The “one-person-one-language” approach is a popular method used by parents attempting to raise a bilingual child in which one caretaker speaks to the child exclusively in one language while another caretaker speaks exclusively in another language (for example, the father speaks only English, and the mother speaks only Spanish to the child). Children can effectively learn two languages this way, but they can also learn two languages from the same person or when both parents speak both languages. As long as you try to provide a balanced exposure to all languages, your child can still become proficient in multiple languages.
Myth 5: You can use videos, television shows, apps, or toys to teach your child another language.
Television, videos, apps, or toys may not be the most effective way to teach your child another language since young children learn best from social interaction and in the context of a meaningful relationship.
One interesting study exposed 9-month-old, English-speaking American infants to Mandarin Chinese, either through in-person speaking or pre-recordings of the same speakers. Infants who just heard the speakers showed no learning, while the in-person speakers showed evidence of language learning.
However, research does find that adults seem to be capable of learning some language through television shows. Children aged 8 and older may also show some limited learning of language through a television program. Therefore, if your teenager or older child is allowed regular screen time, it may not hurt for this screen time to involve their second language. Just don’t rely solely on technology to teach a second language!
Myth 6: Your child has to hear the second language constantly in the home, or they won’t learn it.
Many parents believe that if your home is not bilingual, there is no point in trying. A recent study found that infants and toddlers showed significant gains in learning a second language when they spent one hour per day on it for 18 weeks in a preschool setting. In this study, the children learned best through play and social interaction and when their teachers used “parentese” (the type of speech that most parents naturally use with infants, which is slow and simple and involves exaggerated pitch and drawn-out vowels).
Of course, the more language you expose your child to, the more they will learn and the more efficient they will become in both languages. However, you do not need constant exposure or a bilingual home to raise a bilingual child.
Myth 7: If your child is diagnosed with a developmental delay, language delay, or autism, you should focus on one language.
Just as some monolingual children experience speech delays and/or developmental issues, bilingual children may also be delayed in language or meet the criteria for a language disorder, developmental delay, or autism. If the child is determined to be developmentally delayed or meets the criteria for a developmental disorder, it is not recommended that you focus on only one language. Research finds that bilingual language exposure is unlikely to cause any additional problems for children with language delays or other developmental concerns.
Raising your child to be bilingual has many benefits and is unlikely to delay language or development in any way. The earlier you can start, the better, but it is never too late to start learning a second language.
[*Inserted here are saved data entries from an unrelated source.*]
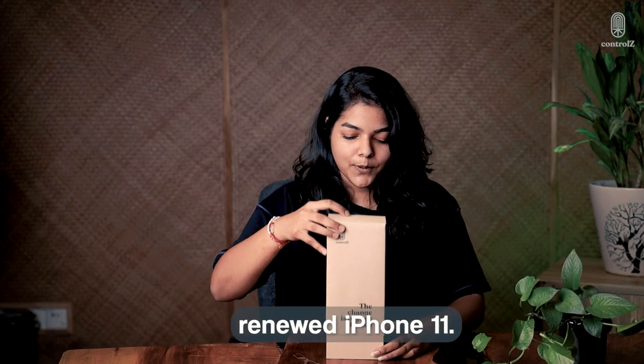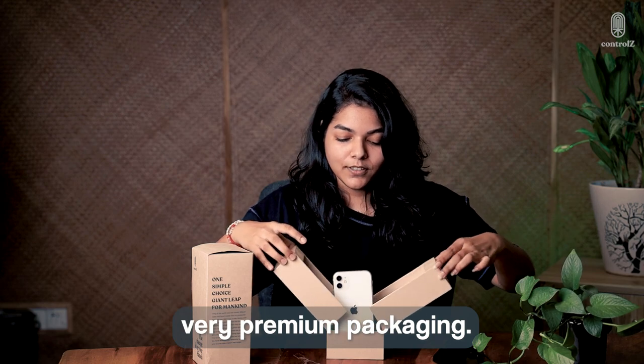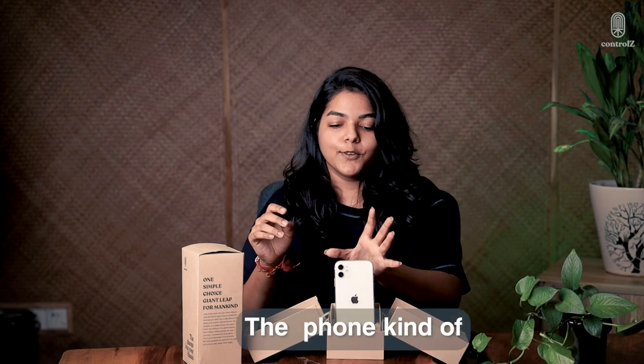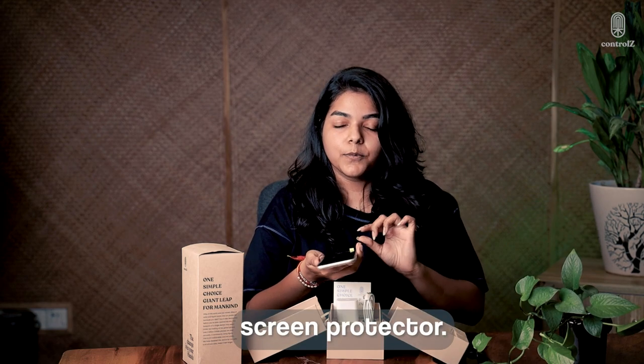Today we will be unboxing Control Z's renewed iPhone 11 and as you can see it is a very premium packaging. The phone kind of looks like this. It looks just brand new and comes with a screen protector.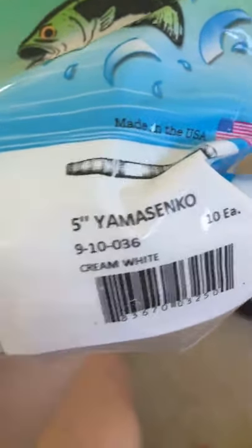Okay guys, here's a little arsenal. The whole arsenal is here. Here's what I'm looking for — I'm going to go Senko's. Senko — not Senko. Okay.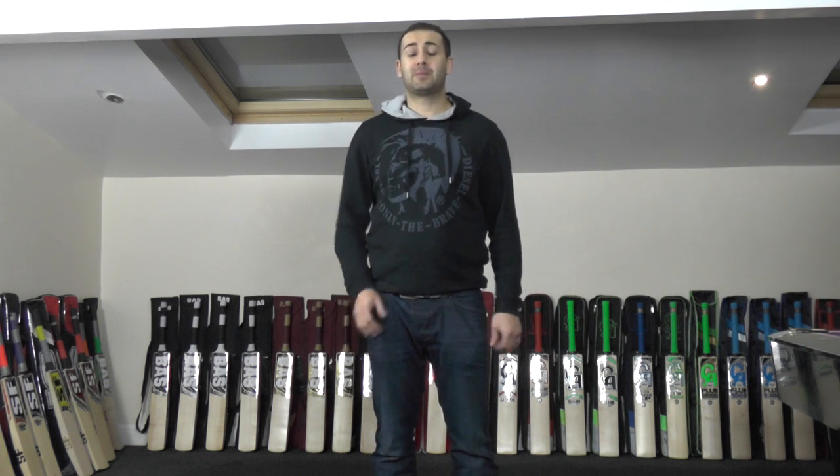Hi guys, it's Hanni from Eclipse Allsports and I'm very excited to bring you another video review. Today is just going to be an update review to let you know what's going to be going on over the next couple of weeks. We're planning on going down to see Matt from Heath Leather down in Kent, and that will take place on Friday the 13th next week.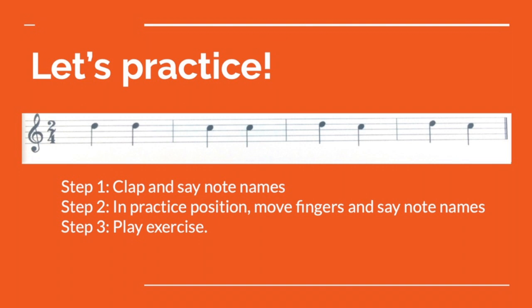D, D, C, C, D, C, D, C, D, C. Very good!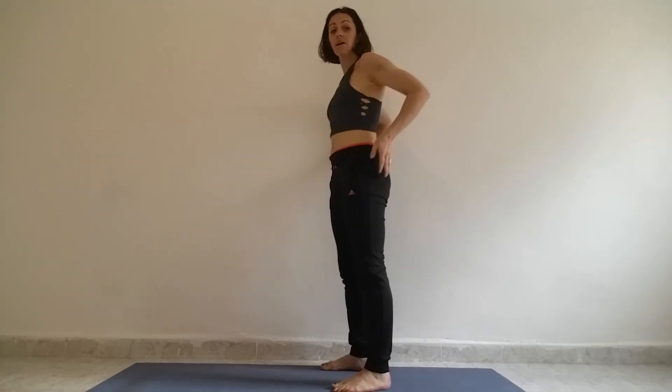Tricep push-up. What we're going to look for is movement that's coming really from the elbow joint — flexion and extension, bending your elbows, straightening your elbows. That's pretty much it. We'll start in standing; I just want you to experience it on the wall. In your standing pose it's kind of like Tadasana, right.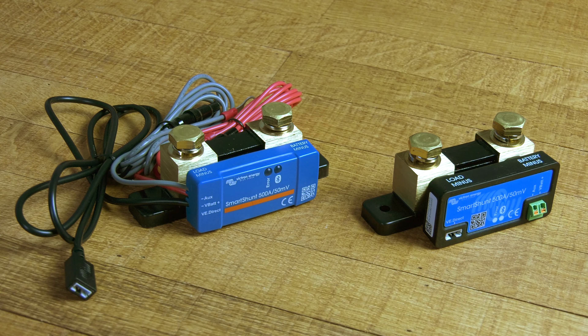It is equipped with Bluetooth. It has a VE.Direct cable and it can monitor either a second battery, a midpoint, or can be connected to a temperature sensor. I'll go into further detail about the differences between the old and the new model in another video. Thank you for watching.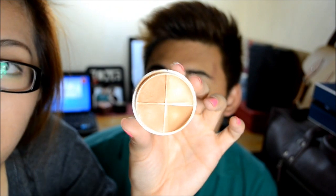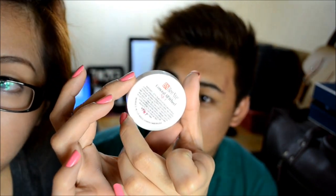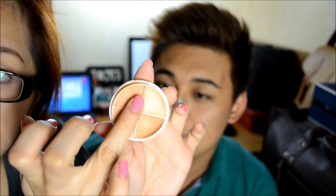So for the foundation and concealer, I'm going to use my Conceal All Wheel from Ben Nye. I'm going to take this color right here, and I'm just going to use a Kabuki brush.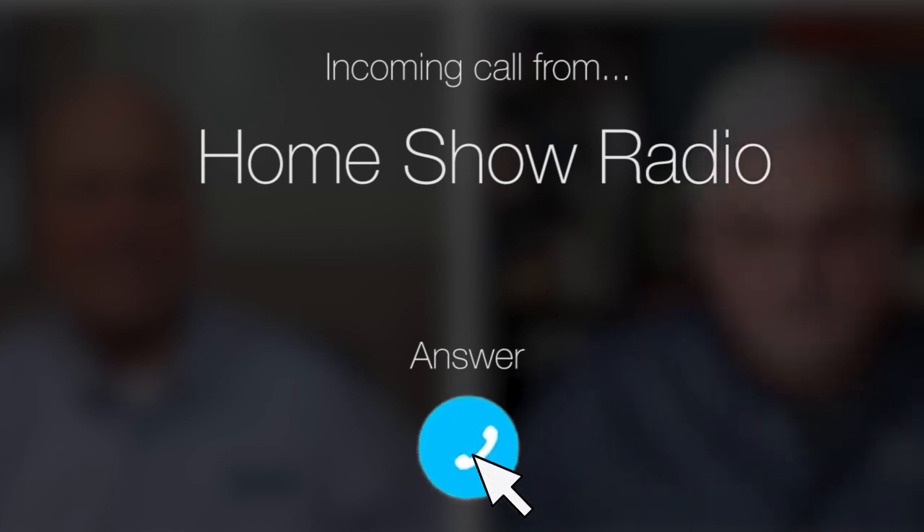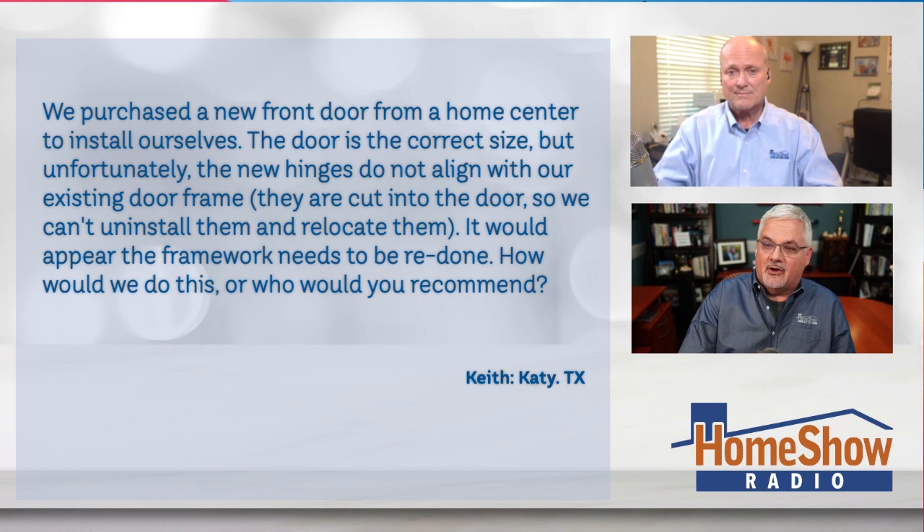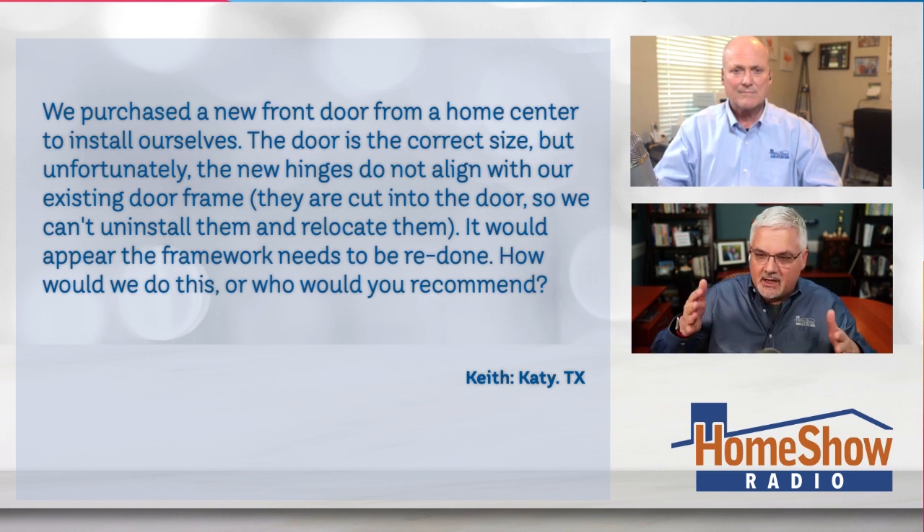Ask Tom on the home show. Keith from Katy, Texas has a question about door replacement. Keith found out that projects aren't always as easy as they look on TV. Keith writes: we purchased a new front door for our home at a home center to install ourselves, and the door is the correct size, but unfortunately the new hinges do not align with the existing door frame and they're cut into the door, so we can't just uninstall them and relocate them. It would appear the framework needs to be redone. How would we do this, or who would you recommend we have fix this?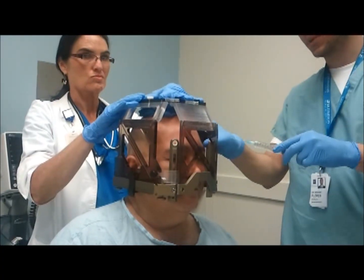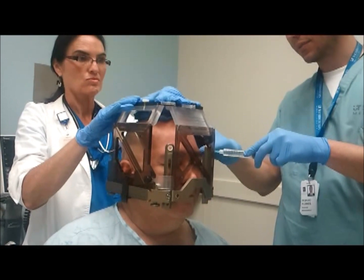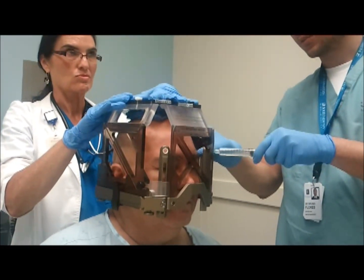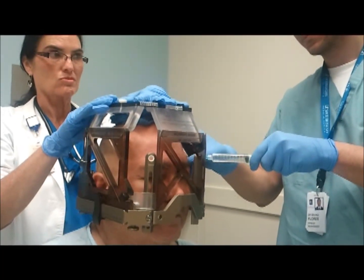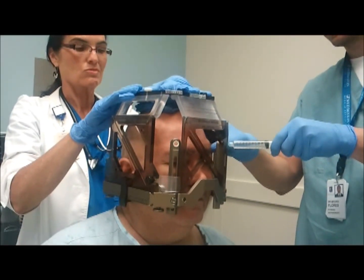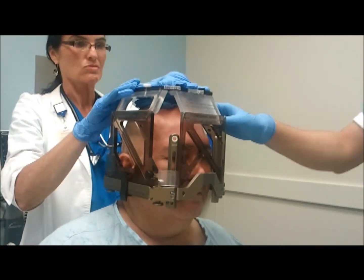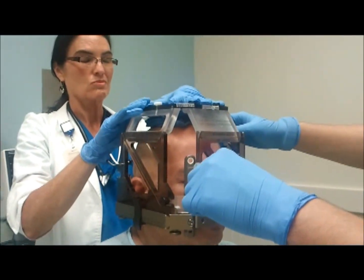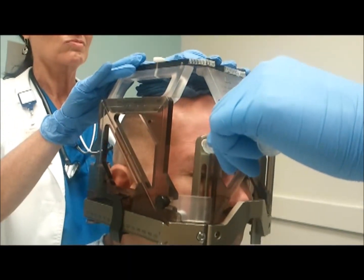We're going to start on the left side here. You're going to have that poke and a burning sensation. First poke here on the left. Once you're through the poke, we're going to start giving you the numbing medicine. One, two, three, and a small poke.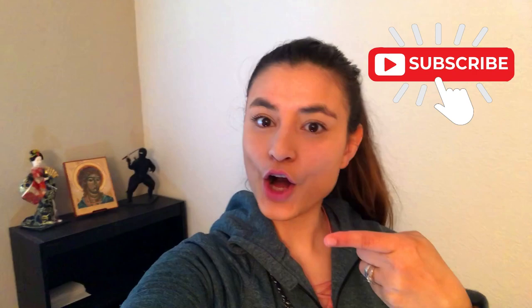Hello guys, welcome back to my channel. My name is Beto. If you are new here, please go and subscribe and turn on the notifications so you can know whenever I'm going to be uploading new videos.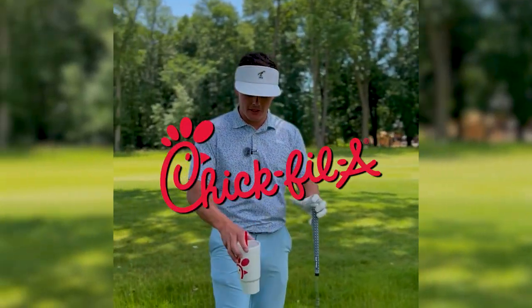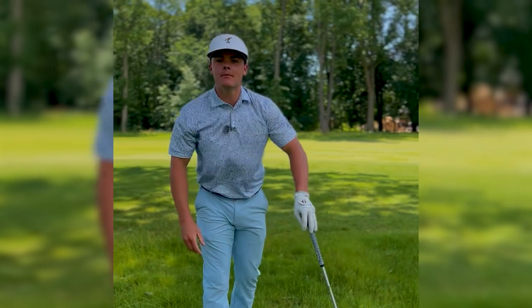Welcome back to another Sweet Tea. Today we have a Chick-fil-A Sweet Tea and we're needing to hit some kind of a punch-out shot.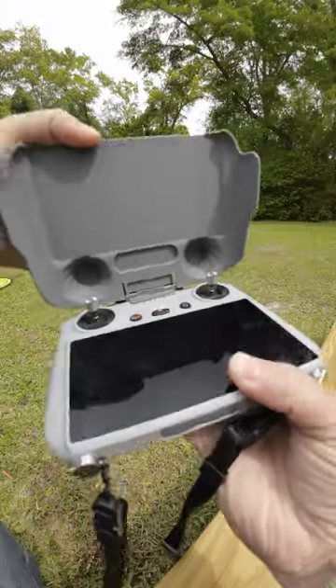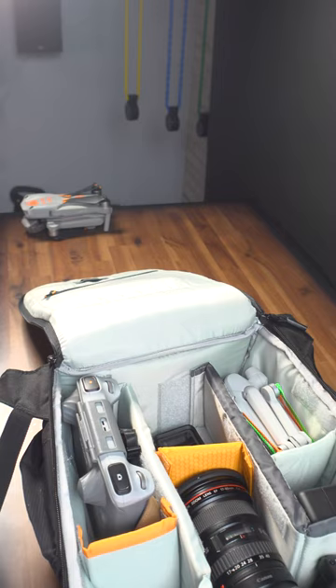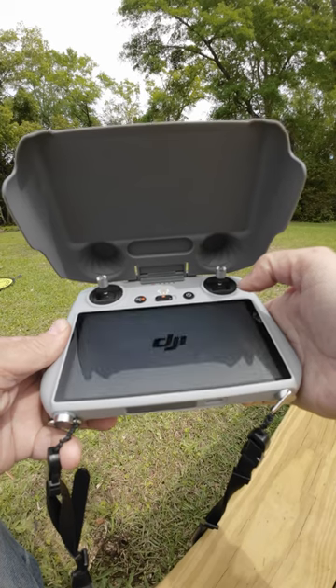I have a favorite accessory for my DJI RC, and a lot of you have been asking me about it lately in all of my videos — it is the Sunnylife Hood Protector. The description will say it's a two-in-one, but to me it's a three-in-one. It allows you to keep your sticks intact, protect your screen when in transit, and when you lift it up you're protected from the sun so you can better see your screen.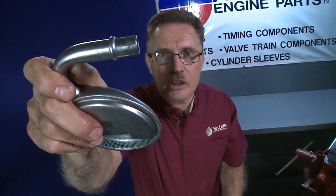Always replace your screen. Always. I'm George from Melling. Thanks for clicking.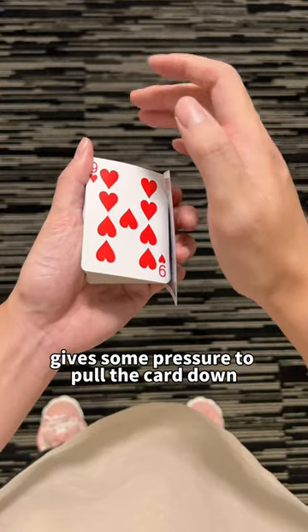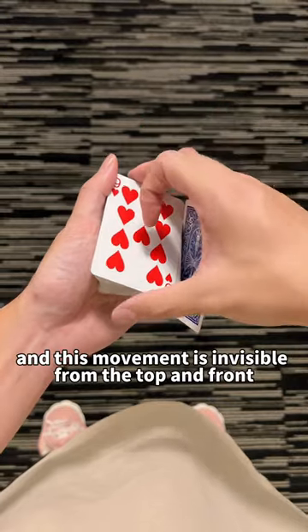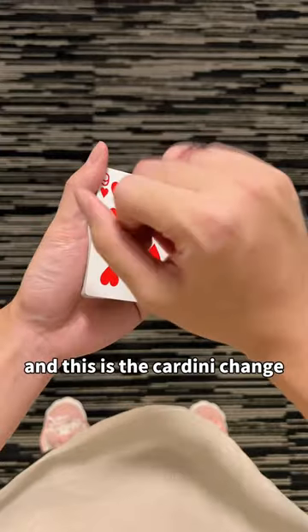the ring finger and the pinky give some pressure to pull the card down, and this movement is invisible from the top and front. The right hand lifts up the deck to move the card to the bottom. And this is the Cardini change.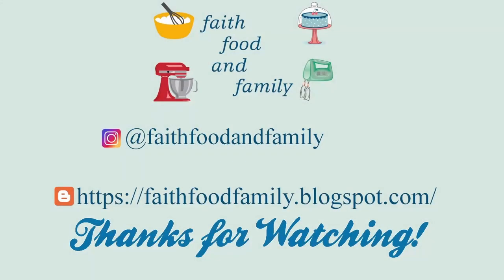Thank you all so much for joining me today. I hope you've enjoyed this video — if you have, I'd appreciate a thumbs up. If you haven't already, I'd love it if you'd hit that subscribe button and notification bell so you can join my YouTube family and not miss any more delicious recipes. I hope you're having a blessed day wherever you are — I'll see you in the next one.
If you would like to raise your child to be bilingual, research suggests that children learn best through play and social interaction.
Bilingualism does not cause language delays or disorders, or other types of developmental delays. If your child’s language seems delayed and you are raising them in a bilingual environment, you should have them evaluated rather than simply attributing the delay to being bilingual. If you suspect your child has a language disorder or other developmental delay, you do not need to stop bilingual exposure.